> [Records to process]
::::

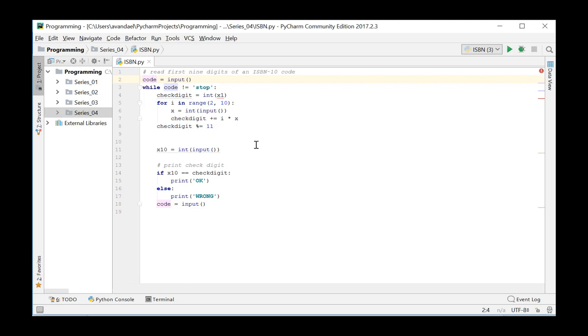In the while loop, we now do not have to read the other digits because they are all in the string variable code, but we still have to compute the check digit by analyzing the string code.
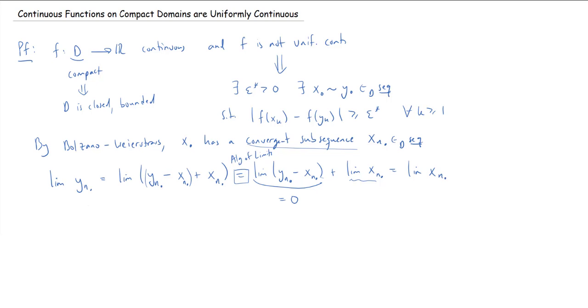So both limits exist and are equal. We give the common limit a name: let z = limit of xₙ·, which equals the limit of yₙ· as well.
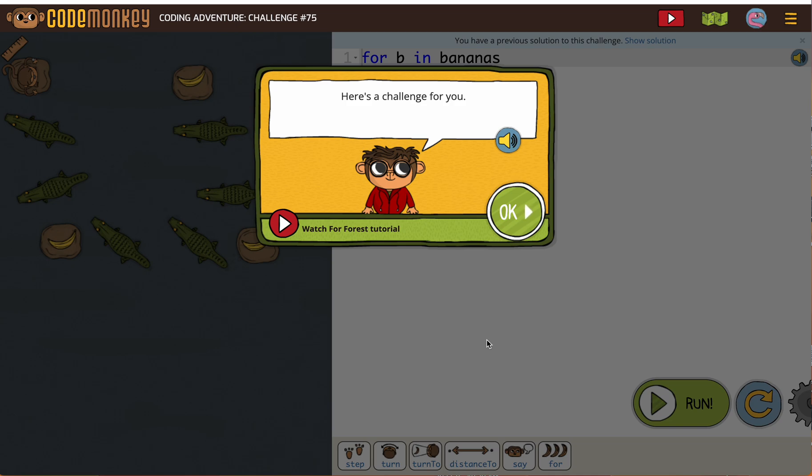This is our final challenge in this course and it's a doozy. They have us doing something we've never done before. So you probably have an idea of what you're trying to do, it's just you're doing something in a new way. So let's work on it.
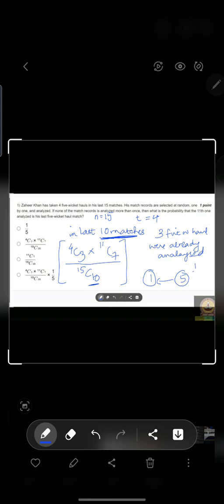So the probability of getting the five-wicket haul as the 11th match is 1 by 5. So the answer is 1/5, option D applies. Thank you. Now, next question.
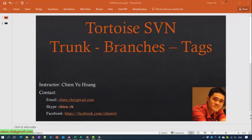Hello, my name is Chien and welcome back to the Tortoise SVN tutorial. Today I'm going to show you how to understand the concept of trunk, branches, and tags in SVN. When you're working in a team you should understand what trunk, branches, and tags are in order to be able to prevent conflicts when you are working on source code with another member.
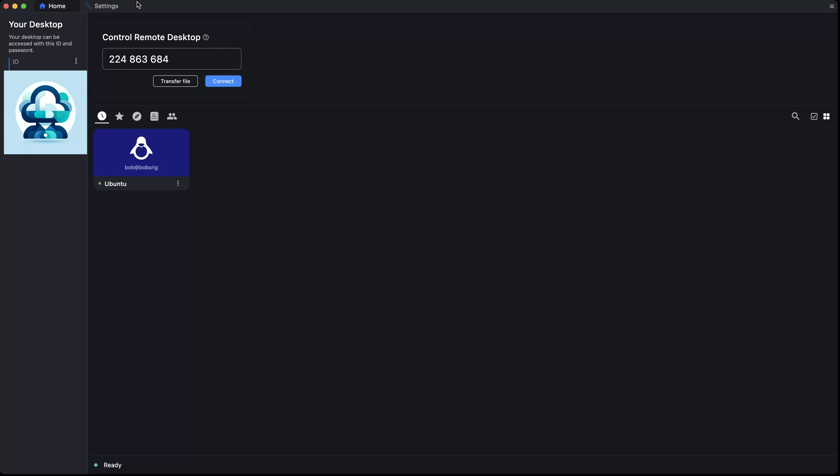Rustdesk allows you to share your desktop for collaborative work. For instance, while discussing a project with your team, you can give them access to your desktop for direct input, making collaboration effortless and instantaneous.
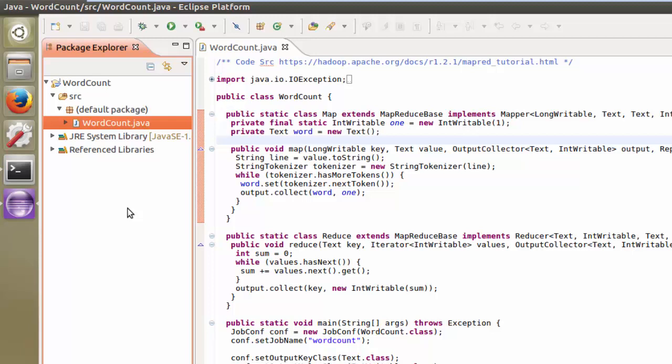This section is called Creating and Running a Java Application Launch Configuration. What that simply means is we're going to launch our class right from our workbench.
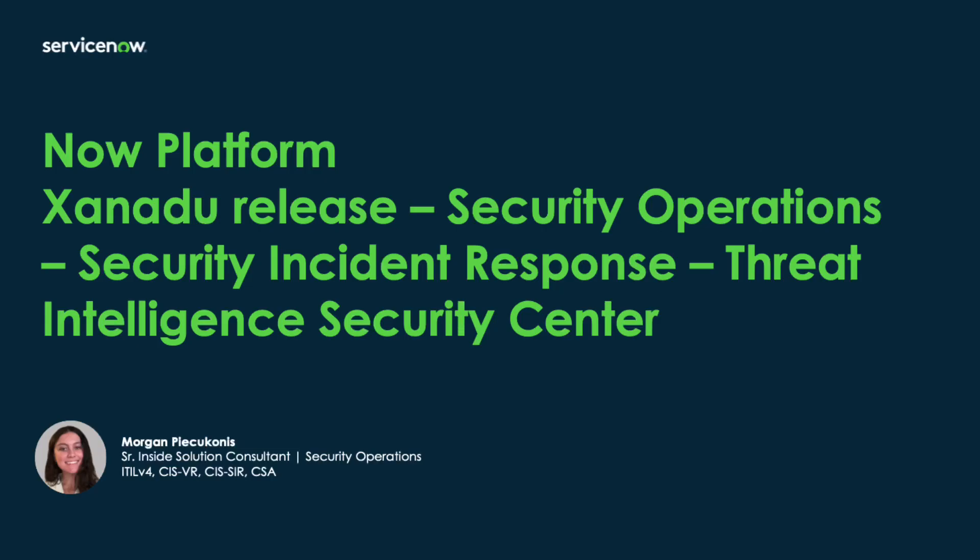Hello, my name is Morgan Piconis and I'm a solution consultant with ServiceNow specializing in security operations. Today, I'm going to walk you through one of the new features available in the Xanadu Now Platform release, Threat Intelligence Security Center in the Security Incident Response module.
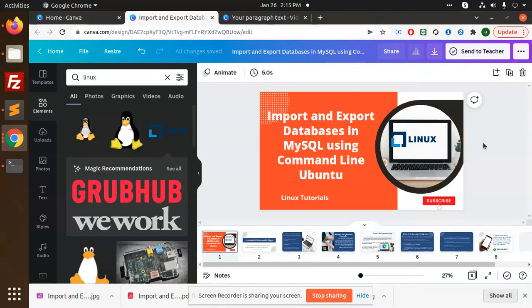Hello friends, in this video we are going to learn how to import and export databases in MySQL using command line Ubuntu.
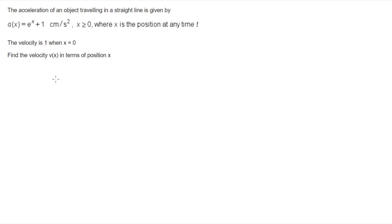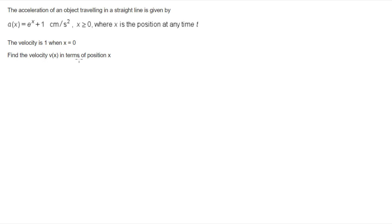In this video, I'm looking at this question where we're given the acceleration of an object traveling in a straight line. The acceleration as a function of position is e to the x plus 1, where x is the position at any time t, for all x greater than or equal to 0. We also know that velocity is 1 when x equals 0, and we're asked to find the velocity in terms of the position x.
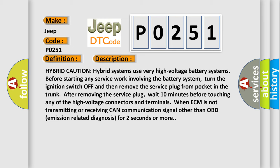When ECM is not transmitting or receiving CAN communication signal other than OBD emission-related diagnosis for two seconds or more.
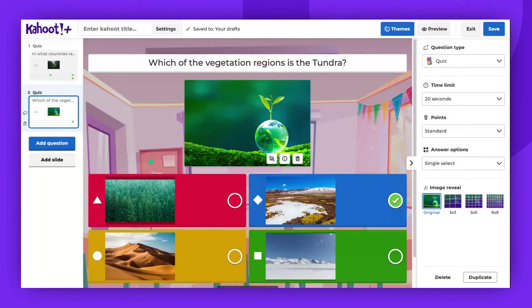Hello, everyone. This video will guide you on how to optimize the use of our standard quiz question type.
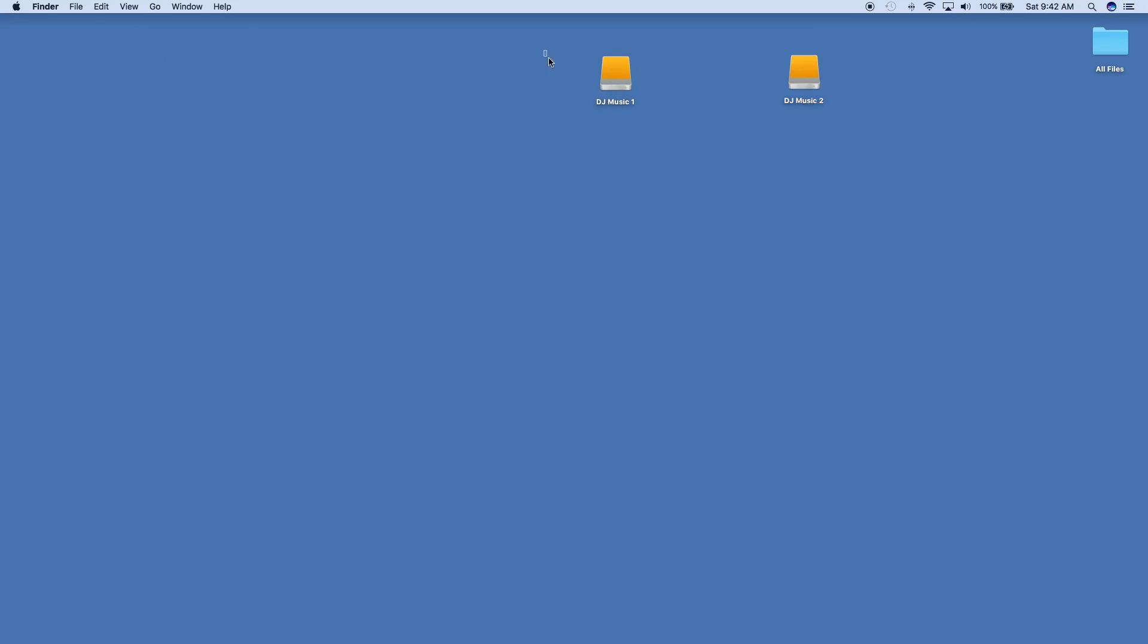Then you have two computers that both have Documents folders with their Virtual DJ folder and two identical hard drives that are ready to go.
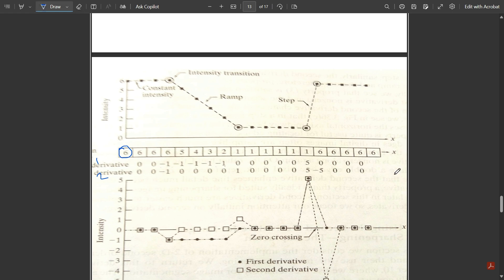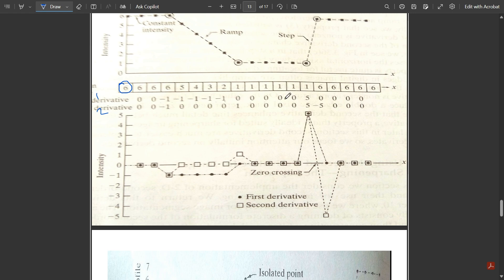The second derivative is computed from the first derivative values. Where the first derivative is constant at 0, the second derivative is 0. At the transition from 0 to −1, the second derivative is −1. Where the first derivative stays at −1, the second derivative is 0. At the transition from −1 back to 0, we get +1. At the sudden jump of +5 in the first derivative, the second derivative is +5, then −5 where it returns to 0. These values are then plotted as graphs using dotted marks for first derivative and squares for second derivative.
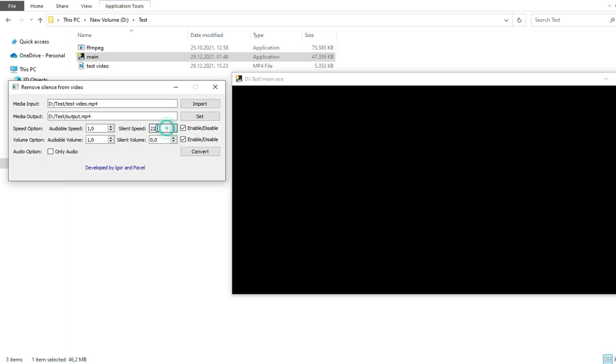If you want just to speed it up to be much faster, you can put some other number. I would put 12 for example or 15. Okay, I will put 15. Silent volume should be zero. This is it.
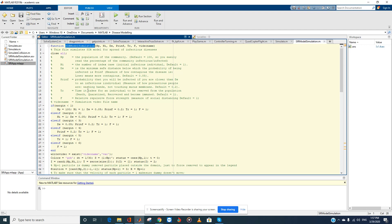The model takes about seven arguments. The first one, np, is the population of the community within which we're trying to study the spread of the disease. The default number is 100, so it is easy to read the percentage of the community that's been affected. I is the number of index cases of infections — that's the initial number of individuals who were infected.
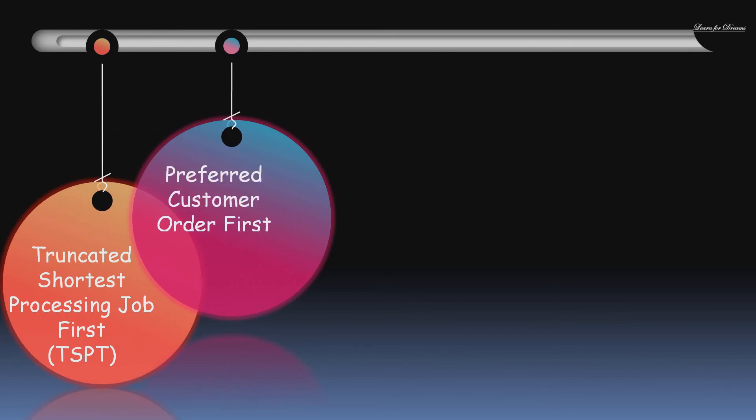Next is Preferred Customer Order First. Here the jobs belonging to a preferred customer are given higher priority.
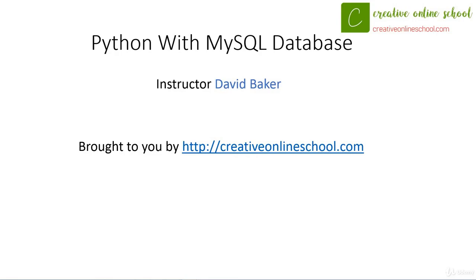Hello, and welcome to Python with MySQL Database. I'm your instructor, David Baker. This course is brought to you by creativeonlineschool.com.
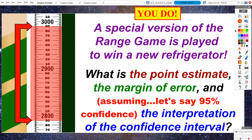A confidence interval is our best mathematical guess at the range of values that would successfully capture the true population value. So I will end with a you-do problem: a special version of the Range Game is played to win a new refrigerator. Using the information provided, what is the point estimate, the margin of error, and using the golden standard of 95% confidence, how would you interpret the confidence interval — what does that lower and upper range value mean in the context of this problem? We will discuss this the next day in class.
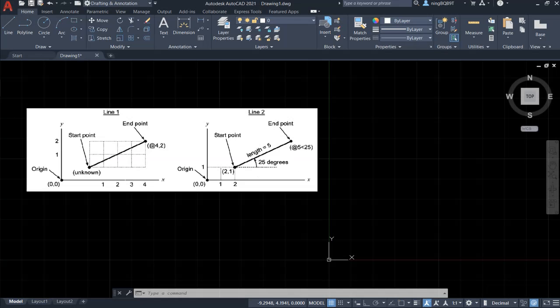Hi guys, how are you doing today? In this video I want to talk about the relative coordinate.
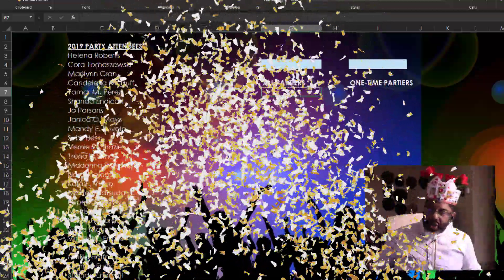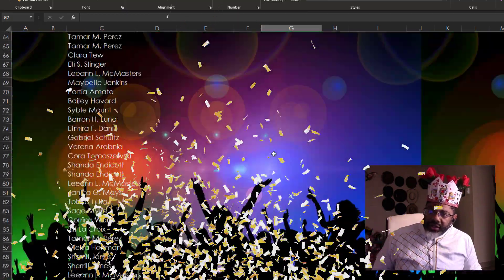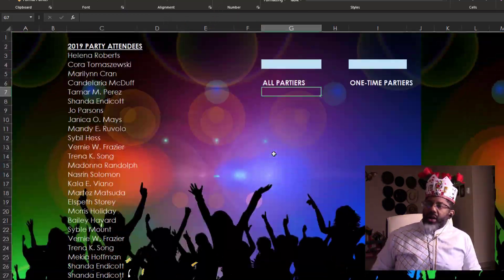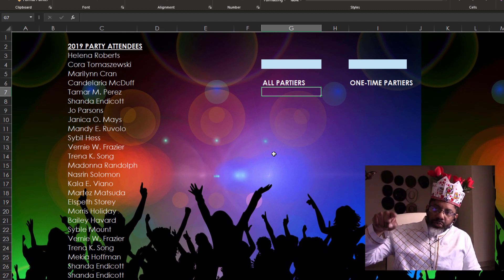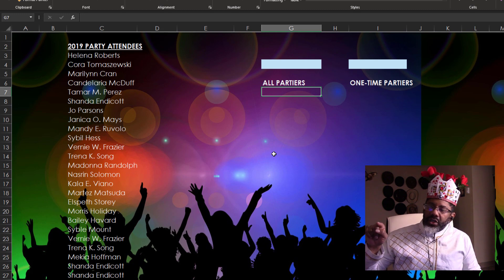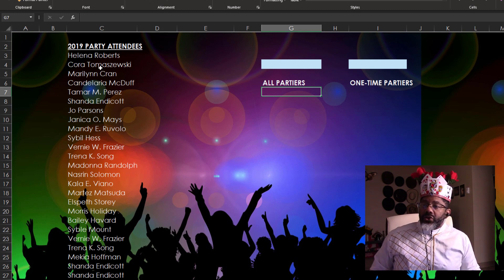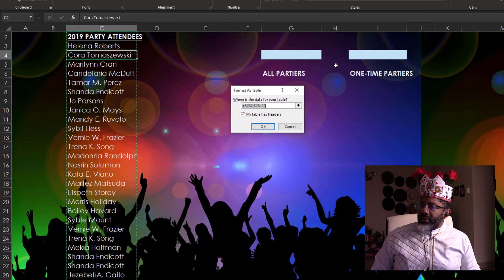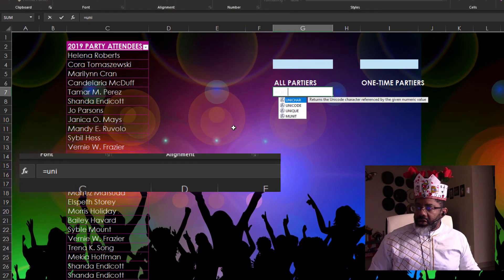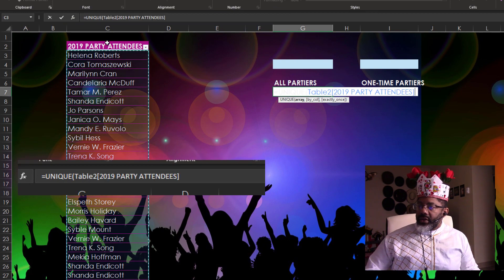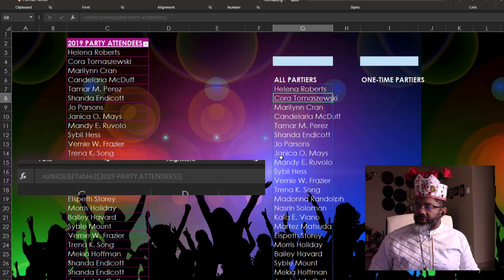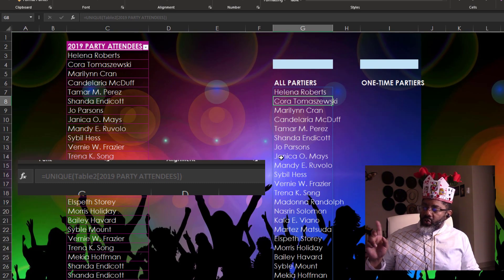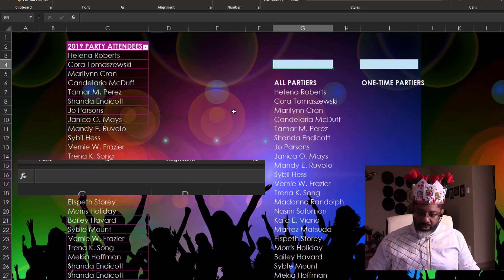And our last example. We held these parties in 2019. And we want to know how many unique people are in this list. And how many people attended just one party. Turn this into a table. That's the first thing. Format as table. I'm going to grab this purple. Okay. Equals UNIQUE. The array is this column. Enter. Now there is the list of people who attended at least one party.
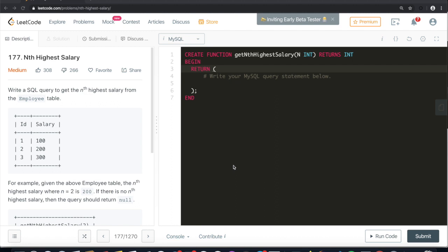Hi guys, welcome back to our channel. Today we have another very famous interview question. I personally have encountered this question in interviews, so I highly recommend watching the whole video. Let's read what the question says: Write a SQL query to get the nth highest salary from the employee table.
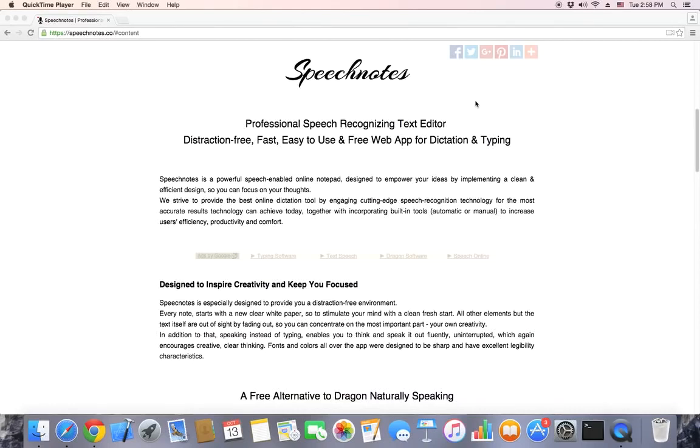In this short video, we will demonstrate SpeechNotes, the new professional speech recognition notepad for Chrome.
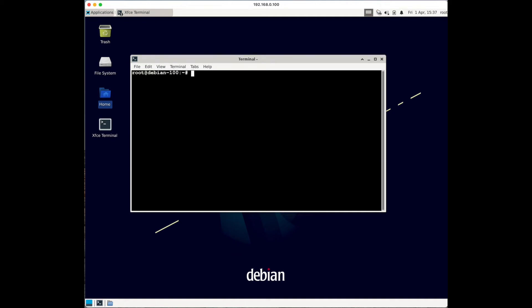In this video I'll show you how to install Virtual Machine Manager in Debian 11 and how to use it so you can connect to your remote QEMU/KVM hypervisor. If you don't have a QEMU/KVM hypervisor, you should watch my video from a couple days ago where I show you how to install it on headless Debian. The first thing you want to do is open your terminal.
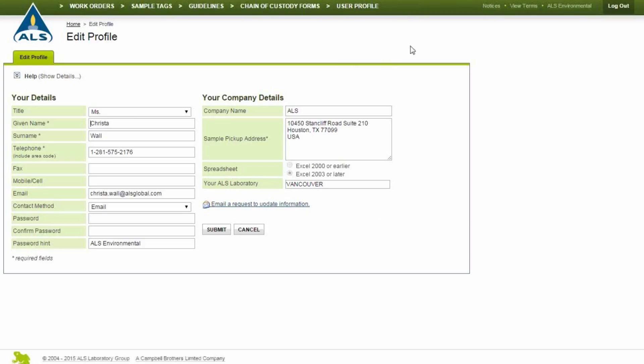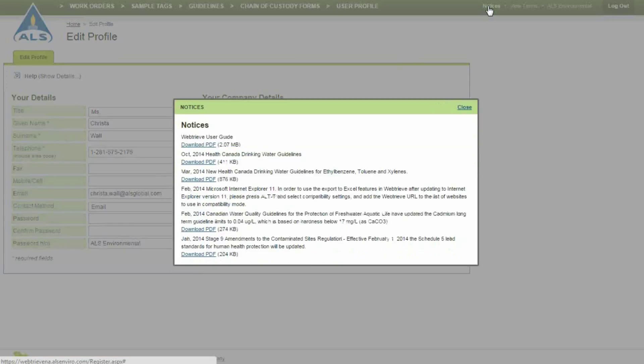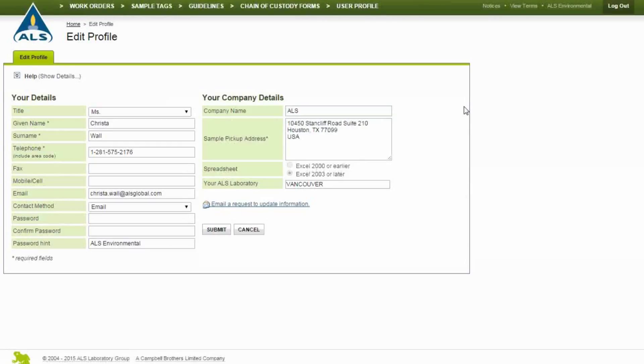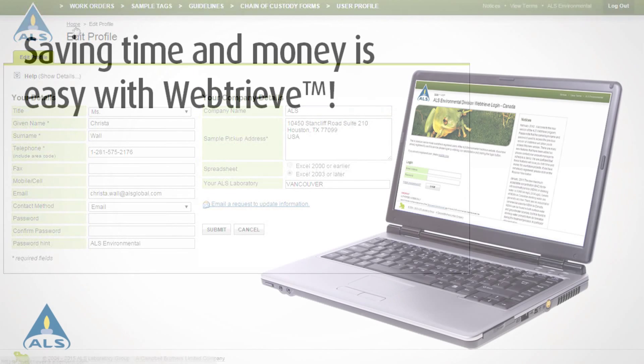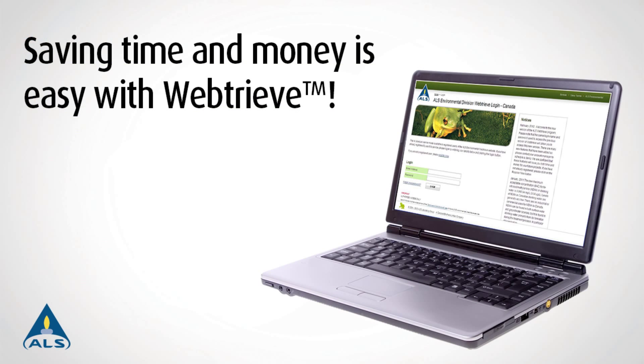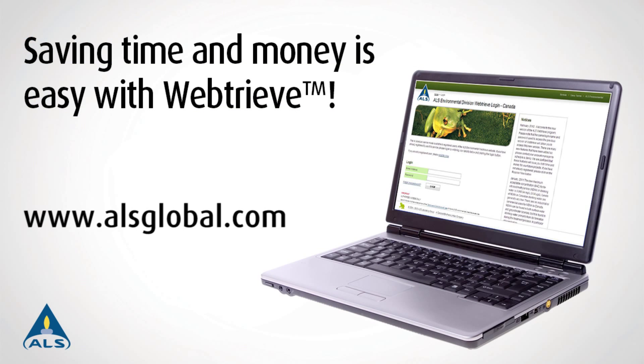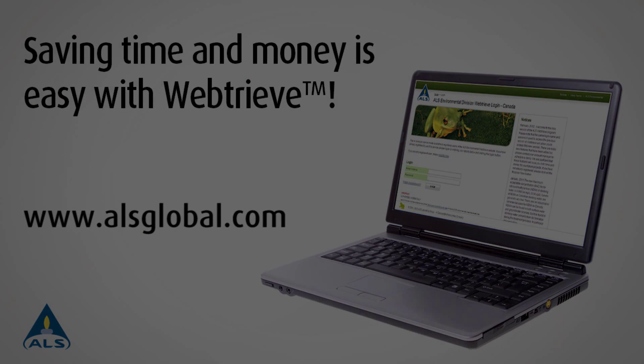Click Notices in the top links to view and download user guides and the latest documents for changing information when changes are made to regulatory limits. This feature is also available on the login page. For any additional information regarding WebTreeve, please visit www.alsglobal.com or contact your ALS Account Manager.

::::

> [Exercise requirements]
Reproduce only the lines of the records from the start up to and including the line that holds "So both limits"; do not carry over any picture.

> [Exercise solution]
In the while loop, we now do not have to read the other digits because they are all in the string variable code, but we still have to compute the check digit by analyzing the string code.
So both limits exist and are equal. We give the common limit a name: let z = limit of xₙ·, which equals the limit of yₙ· as well.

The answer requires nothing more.